A thin line, however, separates these terminologies and from the definitions could be used interchangeably depending on the region the contracting parties reside.

Force majeure for example, when used in common law jurisdiction, could be treated as the doctrine of frustration of contract. 

The main difference among the three terminologies is that events leading to force majeure and frustration may be caused by natural acts referred to as an act of God.

Further, the act of God and the doctrine of frustration are principles developed out of the common law and may be invoked even when the parties have not made provision for it in the agreement.

In the case of force majeure clause, it originated as a concept of civil law jurisdictions. To invoke it, the parties must expressly make provision for it and define it in the contract.  

Another difference is that a finding of frustration automatically results in the discharge of all parties from their obligations in the contract while force majeure offers the flexibility for parties to fashion the responses as they see fit.

With respect to COVID-19, in the aftermath of the lockdown, many suppliers would not be able to perform their contractual obligations or may seriously delay in so doing. Thus, they may argue that they should not be held liable for their contractual non- performance.

On the other hand companies may also not be able to honour their customer’s agreements. Under such scenarios, the force majeure clause would be a determining factor to understand the implications of these events.

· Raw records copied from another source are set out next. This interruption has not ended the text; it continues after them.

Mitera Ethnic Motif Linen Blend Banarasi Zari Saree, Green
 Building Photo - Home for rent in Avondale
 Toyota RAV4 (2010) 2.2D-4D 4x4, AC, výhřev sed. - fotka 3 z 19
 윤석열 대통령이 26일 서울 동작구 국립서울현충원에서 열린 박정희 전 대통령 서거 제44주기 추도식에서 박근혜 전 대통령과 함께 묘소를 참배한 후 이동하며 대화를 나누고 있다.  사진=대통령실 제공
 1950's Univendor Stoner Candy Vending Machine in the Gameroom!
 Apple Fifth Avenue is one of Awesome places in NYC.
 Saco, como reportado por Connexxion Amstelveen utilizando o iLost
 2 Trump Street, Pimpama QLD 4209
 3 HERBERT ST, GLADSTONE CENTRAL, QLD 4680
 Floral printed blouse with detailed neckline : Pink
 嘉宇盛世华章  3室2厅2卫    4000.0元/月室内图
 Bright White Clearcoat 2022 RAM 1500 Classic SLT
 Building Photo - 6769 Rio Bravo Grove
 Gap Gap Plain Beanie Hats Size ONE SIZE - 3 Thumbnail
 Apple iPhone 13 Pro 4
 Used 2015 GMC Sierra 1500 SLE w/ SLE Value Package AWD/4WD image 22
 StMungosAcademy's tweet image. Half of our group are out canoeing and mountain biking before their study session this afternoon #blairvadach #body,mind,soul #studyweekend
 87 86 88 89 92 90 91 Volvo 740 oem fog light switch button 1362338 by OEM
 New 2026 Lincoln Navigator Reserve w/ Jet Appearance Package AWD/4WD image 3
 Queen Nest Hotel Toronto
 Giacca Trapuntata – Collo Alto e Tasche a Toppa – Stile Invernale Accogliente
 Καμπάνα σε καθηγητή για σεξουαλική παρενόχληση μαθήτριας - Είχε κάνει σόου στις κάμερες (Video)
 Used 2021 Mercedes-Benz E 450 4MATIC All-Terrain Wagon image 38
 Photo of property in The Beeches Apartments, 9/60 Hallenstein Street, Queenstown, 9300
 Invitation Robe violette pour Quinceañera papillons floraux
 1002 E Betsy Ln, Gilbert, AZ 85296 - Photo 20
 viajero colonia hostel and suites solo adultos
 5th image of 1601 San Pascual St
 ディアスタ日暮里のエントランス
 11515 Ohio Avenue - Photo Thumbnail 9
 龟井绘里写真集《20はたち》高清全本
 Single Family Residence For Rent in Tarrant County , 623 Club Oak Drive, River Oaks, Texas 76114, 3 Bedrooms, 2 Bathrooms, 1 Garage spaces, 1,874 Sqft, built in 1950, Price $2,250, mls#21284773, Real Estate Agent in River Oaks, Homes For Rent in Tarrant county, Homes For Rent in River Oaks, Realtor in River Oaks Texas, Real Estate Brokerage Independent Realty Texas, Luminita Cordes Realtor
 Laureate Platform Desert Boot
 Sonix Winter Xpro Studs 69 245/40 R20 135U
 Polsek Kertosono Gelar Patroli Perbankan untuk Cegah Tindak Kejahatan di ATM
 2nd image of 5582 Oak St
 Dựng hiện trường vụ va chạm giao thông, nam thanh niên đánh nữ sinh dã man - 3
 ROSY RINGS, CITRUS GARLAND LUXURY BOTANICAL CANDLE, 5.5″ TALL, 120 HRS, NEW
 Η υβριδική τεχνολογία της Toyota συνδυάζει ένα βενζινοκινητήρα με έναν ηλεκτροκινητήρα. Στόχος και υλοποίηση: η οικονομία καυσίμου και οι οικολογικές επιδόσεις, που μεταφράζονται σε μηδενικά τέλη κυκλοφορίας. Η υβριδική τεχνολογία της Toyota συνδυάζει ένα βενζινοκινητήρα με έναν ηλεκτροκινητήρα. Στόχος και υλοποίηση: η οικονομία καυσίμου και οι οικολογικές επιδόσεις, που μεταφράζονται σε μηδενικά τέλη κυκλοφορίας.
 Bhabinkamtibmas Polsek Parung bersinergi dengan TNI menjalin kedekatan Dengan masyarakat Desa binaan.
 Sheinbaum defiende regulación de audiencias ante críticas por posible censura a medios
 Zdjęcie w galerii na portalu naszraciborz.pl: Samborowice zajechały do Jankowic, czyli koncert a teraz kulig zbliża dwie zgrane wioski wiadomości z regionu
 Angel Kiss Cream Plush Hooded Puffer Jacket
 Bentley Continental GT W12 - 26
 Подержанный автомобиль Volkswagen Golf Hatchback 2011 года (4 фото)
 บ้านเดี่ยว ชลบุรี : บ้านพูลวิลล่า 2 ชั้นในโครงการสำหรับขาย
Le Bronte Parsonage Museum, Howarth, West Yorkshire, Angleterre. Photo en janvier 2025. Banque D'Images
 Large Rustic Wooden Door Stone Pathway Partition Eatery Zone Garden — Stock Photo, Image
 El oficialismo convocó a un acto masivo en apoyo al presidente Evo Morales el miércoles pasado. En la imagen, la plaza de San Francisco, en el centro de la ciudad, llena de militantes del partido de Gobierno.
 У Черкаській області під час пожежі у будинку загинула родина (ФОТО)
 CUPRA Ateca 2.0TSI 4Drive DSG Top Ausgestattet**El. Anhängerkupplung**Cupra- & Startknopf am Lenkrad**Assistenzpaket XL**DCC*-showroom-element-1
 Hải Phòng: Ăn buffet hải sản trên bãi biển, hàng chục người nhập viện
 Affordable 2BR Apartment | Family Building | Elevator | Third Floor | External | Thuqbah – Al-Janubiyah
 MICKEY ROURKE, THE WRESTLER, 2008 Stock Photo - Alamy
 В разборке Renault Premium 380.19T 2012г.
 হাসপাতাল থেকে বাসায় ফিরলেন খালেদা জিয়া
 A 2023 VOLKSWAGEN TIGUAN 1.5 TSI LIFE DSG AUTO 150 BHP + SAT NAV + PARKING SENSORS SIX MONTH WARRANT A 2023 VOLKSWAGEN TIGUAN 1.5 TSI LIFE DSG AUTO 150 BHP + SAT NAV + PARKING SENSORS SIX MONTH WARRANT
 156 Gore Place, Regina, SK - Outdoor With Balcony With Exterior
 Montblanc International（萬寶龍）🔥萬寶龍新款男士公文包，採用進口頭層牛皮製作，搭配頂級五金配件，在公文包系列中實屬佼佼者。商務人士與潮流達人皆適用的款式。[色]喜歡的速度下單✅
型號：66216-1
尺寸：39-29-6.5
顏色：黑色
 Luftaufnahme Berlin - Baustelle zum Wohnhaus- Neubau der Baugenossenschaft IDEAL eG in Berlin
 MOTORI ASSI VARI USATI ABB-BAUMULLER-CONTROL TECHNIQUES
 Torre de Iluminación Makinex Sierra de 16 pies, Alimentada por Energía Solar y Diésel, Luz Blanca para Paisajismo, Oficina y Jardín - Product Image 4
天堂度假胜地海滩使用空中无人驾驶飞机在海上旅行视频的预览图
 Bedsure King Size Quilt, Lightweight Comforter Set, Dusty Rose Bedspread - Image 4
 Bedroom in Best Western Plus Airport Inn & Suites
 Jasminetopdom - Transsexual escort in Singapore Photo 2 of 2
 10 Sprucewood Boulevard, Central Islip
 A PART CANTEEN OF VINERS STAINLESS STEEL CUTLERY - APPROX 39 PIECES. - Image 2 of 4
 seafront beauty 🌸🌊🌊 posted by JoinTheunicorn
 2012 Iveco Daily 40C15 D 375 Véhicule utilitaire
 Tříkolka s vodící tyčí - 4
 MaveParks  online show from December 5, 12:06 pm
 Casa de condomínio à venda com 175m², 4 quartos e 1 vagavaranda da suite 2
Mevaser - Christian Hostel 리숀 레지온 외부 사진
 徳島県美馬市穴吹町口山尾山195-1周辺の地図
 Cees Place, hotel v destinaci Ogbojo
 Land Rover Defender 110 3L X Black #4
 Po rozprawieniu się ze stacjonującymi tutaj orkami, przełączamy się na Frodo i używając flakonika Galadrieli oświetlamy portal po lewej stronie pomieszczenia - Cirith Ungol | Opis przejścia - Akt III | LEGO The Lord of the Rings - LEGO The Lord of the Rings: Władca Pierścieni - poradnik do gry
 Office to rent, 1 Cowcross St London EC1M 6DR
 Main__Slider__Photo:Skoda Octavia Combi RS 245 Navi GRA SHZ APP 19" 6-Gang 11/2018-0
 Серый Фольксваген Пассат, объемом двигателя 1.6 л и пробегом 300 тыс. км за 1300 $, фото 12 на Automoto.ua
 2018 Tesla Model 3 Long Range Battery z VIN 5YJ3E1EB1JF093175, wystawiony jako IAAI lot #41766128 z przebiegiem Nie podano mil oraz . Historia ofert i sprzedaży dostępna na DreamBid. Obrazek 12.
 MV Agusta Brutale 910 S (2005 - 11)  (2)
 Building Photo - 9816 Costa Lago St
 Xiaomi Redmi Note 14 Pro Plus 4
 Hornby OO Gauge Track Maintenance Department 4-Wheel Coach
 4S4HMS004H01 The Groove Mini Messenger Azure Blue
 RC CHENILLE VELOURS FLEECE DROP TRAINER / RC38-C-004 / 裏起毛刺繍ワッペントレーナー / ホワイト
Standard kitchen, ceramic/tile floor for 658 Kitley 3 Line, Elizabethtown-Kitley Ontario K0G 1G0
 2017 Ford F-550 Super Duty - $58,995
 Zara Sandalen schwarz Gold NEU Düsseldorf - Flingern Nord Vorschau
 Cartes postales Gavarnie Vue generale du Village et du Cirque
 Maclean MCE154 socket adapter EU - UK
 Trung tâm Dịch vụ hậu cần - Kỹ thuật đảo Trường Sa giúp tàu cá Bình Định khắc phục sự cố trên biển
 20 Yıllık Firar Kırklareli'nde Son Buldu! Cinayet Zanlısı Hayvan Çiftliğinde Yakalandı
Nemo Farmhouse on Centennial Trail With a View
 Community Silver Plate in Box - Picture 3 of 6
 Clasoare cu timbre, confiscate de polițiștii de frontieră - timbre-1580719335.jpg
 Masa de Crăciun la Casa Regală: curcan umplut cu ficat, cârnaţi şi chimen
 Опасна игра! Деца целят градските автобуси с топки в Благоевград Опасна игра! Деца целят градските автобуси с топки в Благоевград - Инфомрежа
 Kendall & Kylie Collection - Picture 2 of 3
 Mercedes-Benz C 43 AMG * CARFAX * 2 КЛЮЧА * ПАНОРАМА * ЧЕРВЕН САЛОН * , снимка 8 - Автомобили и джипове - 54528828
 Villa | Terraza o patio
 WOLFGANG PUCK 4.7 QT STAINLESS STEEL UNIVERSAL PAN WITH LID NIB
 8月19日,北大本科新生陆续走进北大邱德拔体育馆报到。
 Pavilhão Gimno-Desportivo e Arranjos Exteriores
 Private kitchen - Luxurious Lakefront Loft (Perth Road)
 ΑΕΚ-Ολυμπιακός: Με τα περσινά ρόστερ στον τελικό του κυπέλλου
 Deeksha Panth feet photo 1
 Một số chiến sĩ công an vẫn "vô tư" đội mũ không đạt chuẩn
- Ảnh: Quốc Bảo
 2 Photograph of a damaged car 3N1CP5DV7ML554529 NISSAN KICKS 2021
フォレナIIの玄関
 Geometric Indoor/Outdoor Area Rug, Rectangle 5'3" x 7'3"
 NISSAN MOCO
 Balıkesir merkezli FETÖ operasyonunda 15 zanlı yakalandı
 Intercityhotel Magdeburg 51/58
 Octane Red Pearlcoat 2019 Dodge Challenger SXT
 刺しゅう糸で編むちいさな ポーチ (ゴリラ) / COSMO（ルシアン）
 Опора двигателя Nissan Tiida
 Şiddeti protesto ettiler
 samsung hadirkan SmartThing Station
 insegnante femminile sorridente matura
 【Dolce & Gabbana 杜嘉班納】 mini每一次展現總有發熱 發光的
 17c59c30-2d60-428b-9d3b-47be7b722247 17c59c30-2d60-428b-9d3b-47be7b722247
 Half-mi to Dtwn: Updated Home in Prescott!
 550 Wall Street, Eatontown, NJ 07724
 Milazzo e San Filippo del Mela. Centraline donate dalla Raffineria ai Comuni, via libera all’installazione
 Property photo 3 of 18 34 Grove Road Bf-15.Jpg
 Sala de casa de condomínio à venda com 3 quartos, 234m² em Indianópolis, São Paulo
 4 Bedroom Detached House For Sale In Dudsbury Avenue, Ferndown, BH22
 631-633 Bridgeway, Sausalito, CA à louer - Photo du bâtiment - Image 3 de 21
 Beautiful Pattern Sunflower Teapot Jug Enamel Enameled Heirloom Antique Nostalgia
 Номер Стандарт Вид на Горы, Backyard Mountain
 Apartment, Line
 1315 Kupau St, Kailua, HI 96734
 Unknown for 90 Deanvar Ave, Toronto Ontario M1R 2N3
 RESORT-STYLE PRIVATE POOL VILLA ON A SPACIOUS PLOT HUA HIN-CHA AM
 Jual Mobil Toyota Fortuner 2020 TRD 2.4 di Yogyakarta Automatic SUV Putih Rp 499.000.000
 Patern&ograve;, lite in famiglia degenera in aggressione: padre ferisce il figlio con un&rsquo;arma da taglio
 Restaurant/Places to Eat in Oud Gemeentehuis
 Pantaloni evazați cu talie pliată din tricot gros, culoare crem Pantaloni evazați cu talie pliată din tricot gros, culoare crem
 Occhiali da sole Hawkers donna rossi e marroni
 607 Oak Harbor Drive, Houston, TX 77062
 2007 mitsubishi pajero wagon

For individuals and businesses that wish to rely on frustration, the main hurdle to overcome would be the ability to demonstrate that the changes to the nature of contractual obligations are permanent, and not just temporary or transient.

Most effects of the COVID-19 such as illness, quarantine, travel restrictions, shuttering of businesses and schools, or working from home, seem temporary.

However, if time is of the essence for the performance of a fundamental term in a contract, and such performance is utterly prevented by the pandemic, the parties may have a case.